Prince George combines natural beauty and city charm
B.C.'s natural beauty awaits in the area's surrounding Prince George
Jessica Duckworth grew up just outside of Prince George in a small town called Hixton, which is about 45 minutes south of the big city. She later moved a bit closer, to Buckhorn, but remains a big fan of quiet, relaxed living on the outskirts of the larger centre of Prince George.
The nice thing about Prince George, said Duckworth, is that an hour’s drive (or less) in any direction ends at a lake, river or campground where B.C.’s natural beauty awaits.
“Eskers Park, Cluculz Lake, Hixon Creek, Mud River, Purden Lake, Crystal Lake … the list is endless!” she said.
Right in town, visit the Grind, a walking trail up the side of University Hill that offers a great workout and rewarding photo-opp views through “a slice of forest heaven.”
What to see and do
Prince George has two hobby farms—Noah’s Ark on Cranbrook Hill and Black Spruce Farms in Pineview—with everything from llamas to potbelly pigs. Duckworth, a self-proclaimed animal-lover, takes friends to Noah’s Ark for some education and interaction with furry friends.
“It’s a gorgeous spot of land with tons of animals to enjoy,” she said. “You can feed them, have a picnic of your own, and just enjoy the scenery.”
In the winter, take in a Clydesdale-drawn sleigh ride through the snowy wonderland of Cranbrook Hill, and afterwards enjoy hot refreshments in the barn.

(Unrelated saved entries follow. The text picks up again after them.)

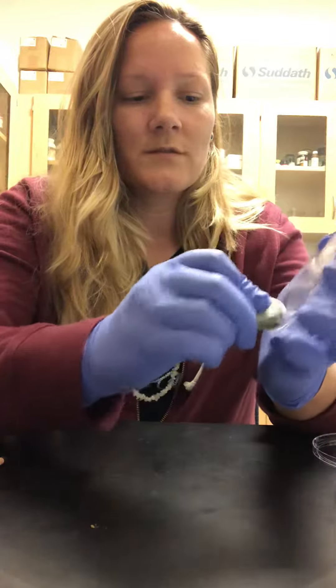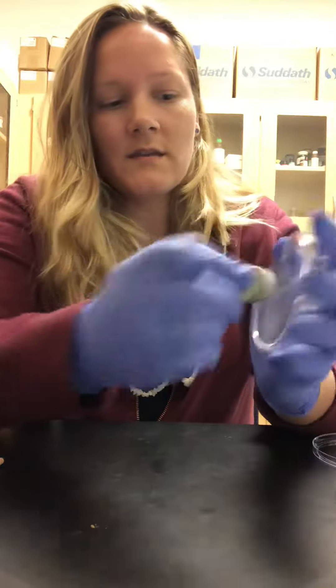Take your eraser and you just start erasing the back of the petri dish. At the etched area, you have to erase a little harder and it will still have maybe a light appearance to it at the end, but you can see how quick that erases.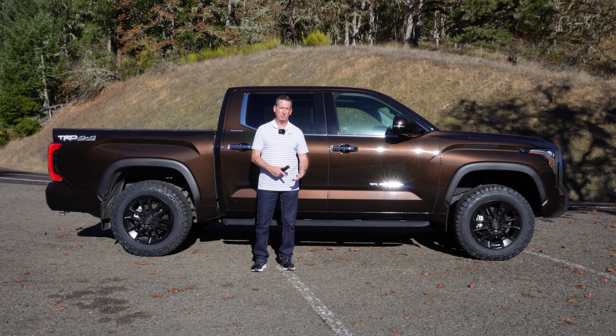I'm gonna step out of the shot here so you can see, but these are the BFGoodrich KO2s. They are a 34-inch tire, so it's a 275-65R20. These are the regular TRD off-road wheels that came standard on the truck, and it just worked out perfect where I didn't have to change wheels — they look good with the truck already — but I wanted to go to an upgraded tire.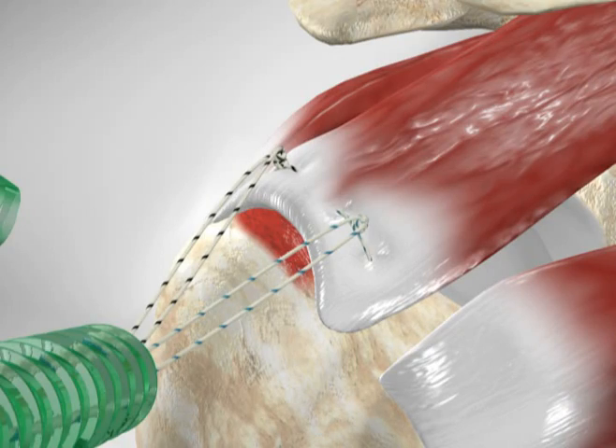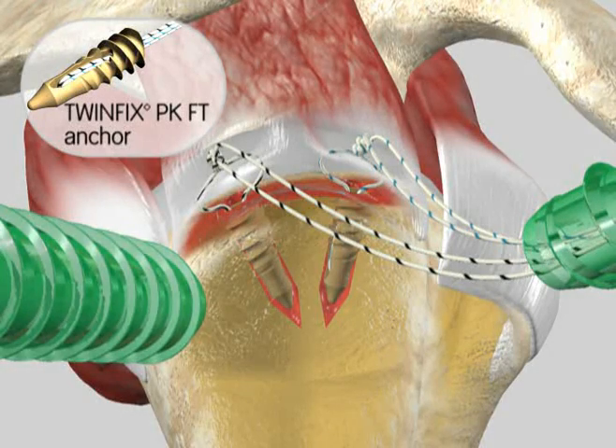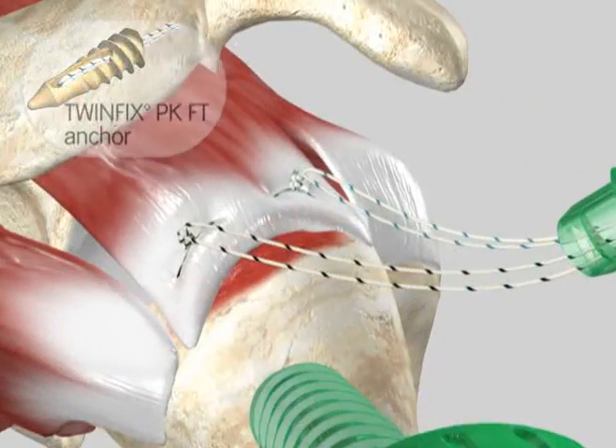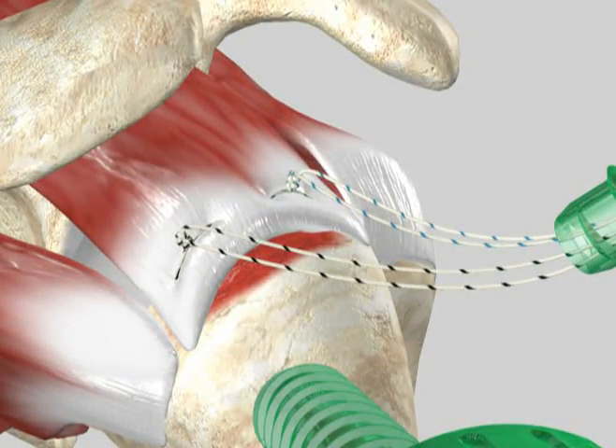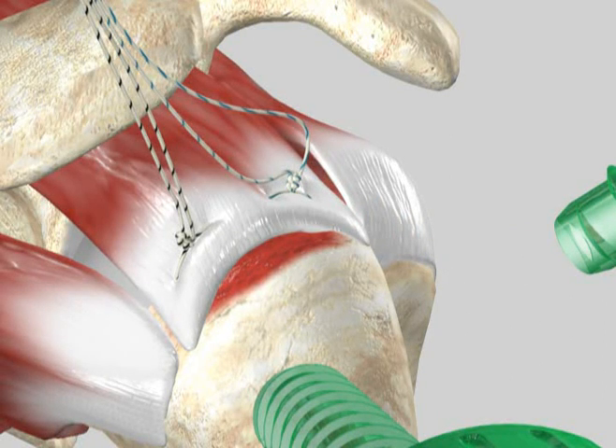First, implant the medial row anchors. We have shown two TwinFix PK fully threaded anchors in this example. For simplicity, we have unloaded one suture from each anchor, so only one suture remains in each. After passing the suture through the cuff and upon completion of knot tying, park the free suture limbs out of the accessory lateral cannula or a stab incision.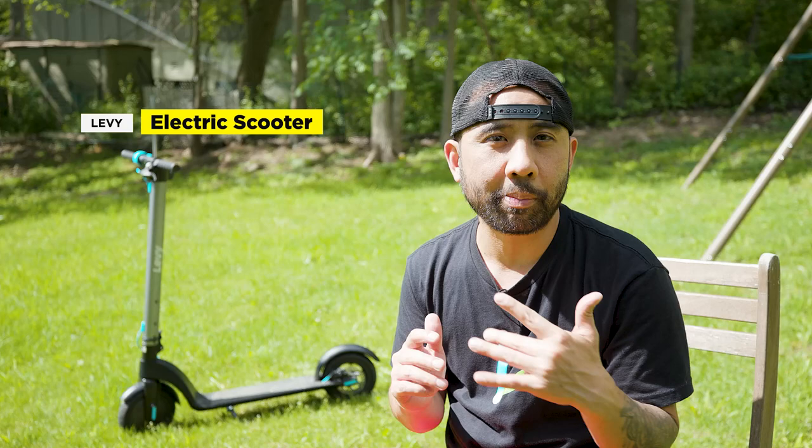That's our first impressions of the Levee electric scooter. As I mentioned, I'll do a thorough review next. If you have any questions about the Levee that I didn't cover, feel free to hit me up in the comments. If you want to dive into more video and tech tips, click the links on the side and remember to like and subscribe so I can help you find tech deals that fit your lifestyle. I'll see you guys in the next video.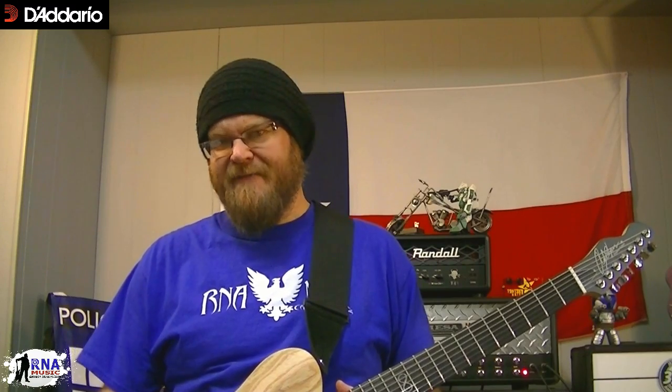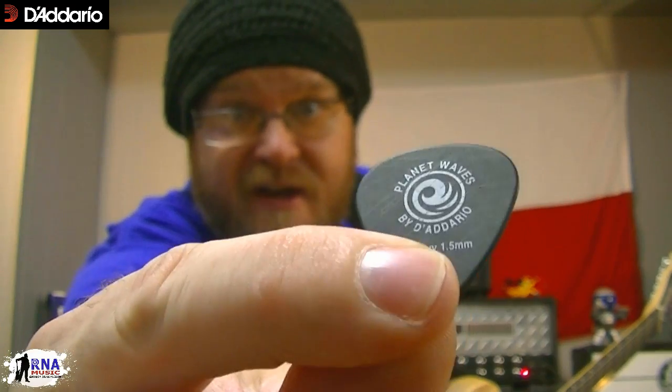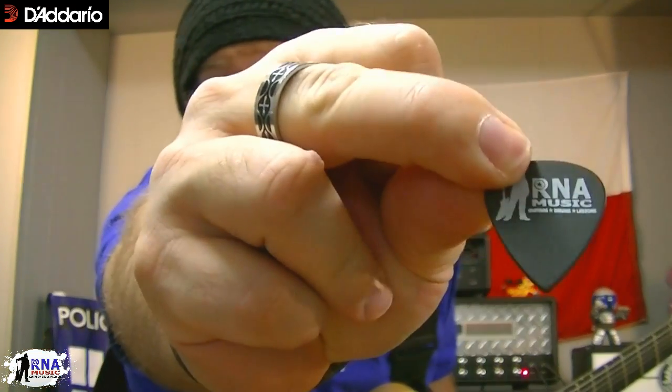Yeah, guitar picks. How exciting. Everybody likes different kinds of picks and there's a ton of different things out there. I myself am kind of partial to Delrin picks — that's the material it's made out of. Several companies use Delrin. I like the D'Addario Planet Waves picks. I'm using a 1.5mm most of the time with a sharp tip. The nice thing about D'Addario Planet Waves picks is you can have them customized — get your logo on them. That's really cool.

“I take people here because it is centrally located and shows off the beauty that can be found if you look a little closer in our busy town of Prince George,” she said.
To top it all off, Duckworth recommends Oh Chocolate—a delectable little café that specializes in food made with local ingredients and to-die-for chocolates made on the spot, before your eyes.
More than anything, the people of Prince George inspire Duckworth’s hometown pride and a sense of excitement in the community.
“I don’t know many people who move away from here and actually stay away for long,” she said. “Most end up moving back because of friendships they have forged here.”
Some locals have put together a Facebook page called Hell Ya Prince George!, which showcases the community’s activities, businesses, services and events while showing off community pride.
“It currently has a ton of members that post positive thoughts, photos, appreciation for local business and their services and events going on around town,” Duckworth said. “It’s a great site that has caught the attention of everyone.”